She darted left, into the gap between the high walls of two opposing compounds, and stopped at the corner, opposite the round building. She had to cross the open space between the two, yet she could hear the pirates’ horn sound to signal yet another change in direction. She hung on to the wall, back pressed to the sharp stones, head tilted back towards the slit of sky. She was overlooked by the windows of the next compound down, and she thought she could see a flicker of movement behind one of them.

How long before the robed creatures regrouped and came after her as well? What if they decided to use force themselves, rather than rely on their servants? They’d outnumber the pirates then, and they certainly hadn’t revealed more than a fraction of what they were capable of.

She swallowed hard, and ran to the side of the domed building, flattening herself against it as if her red dress might disappear when turned sideways. She crept carefully around half of it, and there was no door.

The other half was exposed◦– no sheltering walls to hide her. The pirates had headed back towards her stone shelter. She could move another quarter of the circumference around.

Still no door.

If she stepped out any further, she’d be seen. It’d take them a little while to spot her, and a little longer to reach her. There was nothing for it but to show herself and hope.

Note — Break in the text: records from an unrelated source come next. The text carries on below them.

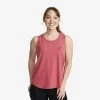 Soft Singlet Women Holly Berry 2 Soft Singlet Women Holly Berry -Clothing Sales Store daa0a5fa 108b 4625 9f1d f67badbba9c0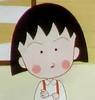 chibimarukochan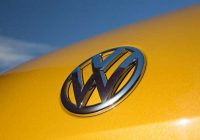 ASV izraisītā skandāla dēļ Volkswagen iztērēs vairākus miljardus dolāru!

She was almost back to where she’d started when the cry went up. Which would have still given her time, if there had actually been a door for her to open and bar behind her. There was nothing. The circular wall was as blank as the roof. No door, not even the hint of a door. No way in, no refuge.

That, it appeared, was the end of that idea.

She was out of viable options. Time to just pick something and do it. So she ran down to the road, turned left and along to the sharp bend, where the track met the ridiculous stepping stones and wound up the side of the valley. The noise of rushing and clattering told her that the pirates were behind her, and she didn’t need to look back to check.

She skipped off the road, her skirts flying. The Lords and Ladies were all watching her now, openly from their first-floor windows, every one of them seemingly crowded with faces. Could she use them? Dare she?

‘What are you waiting for? Come and get me!’

The slope speeded her up. She drew level with the building by the river as the door was just opening. Her path flattened, and the chasm the river rumbled through was right in front of her, the thin pillars of stone looking increasingly dangerous as she closed on them.

She couldn’t hesitate. She pushed off from the edge, hit the first square on, took the second one safely, and very nearly missed the third completely. Stumbling was out of the question. It was a long way down, and she was carrying the wealth of Down in one hand.

‘That’s quite far enough, young lady.’ It was Simeon.

She stopped, halfway across. The pillar she was on was wide enough for both feet, but not much more than that. She looked at the far shore: three more pillars to go. She could manage those. If she reached the bottom of the stairs, she could climb up to the top of the cliff, and back into the magic.

Tempting, but no. She shuffled around to confront the pirate band. Dagger in one hand, maps in the other, she held her arms out either side.

‘Anyone starts to cross, I jump. Got it?’

The captain lowered his loaded arbalest, the pointed bolt now aimed at the surging river far below her feet rather than at her heart. The whole crowd of pirates was gathering behind him. Some found themselves on the brink of the gorge, and pushed back, even as others were pressing forward to see what was happening. The captain leaned forward and looked askance at the drop, and the narrowness of the stepping stones.

‘We appear to be at somewhat of an impasse.’

‘If I knew what one was, okay. That.’

The captain leaned into the man next to him and muttered a brief instruction. The man disappeared into the crowd behind, to be replaced by Dalip.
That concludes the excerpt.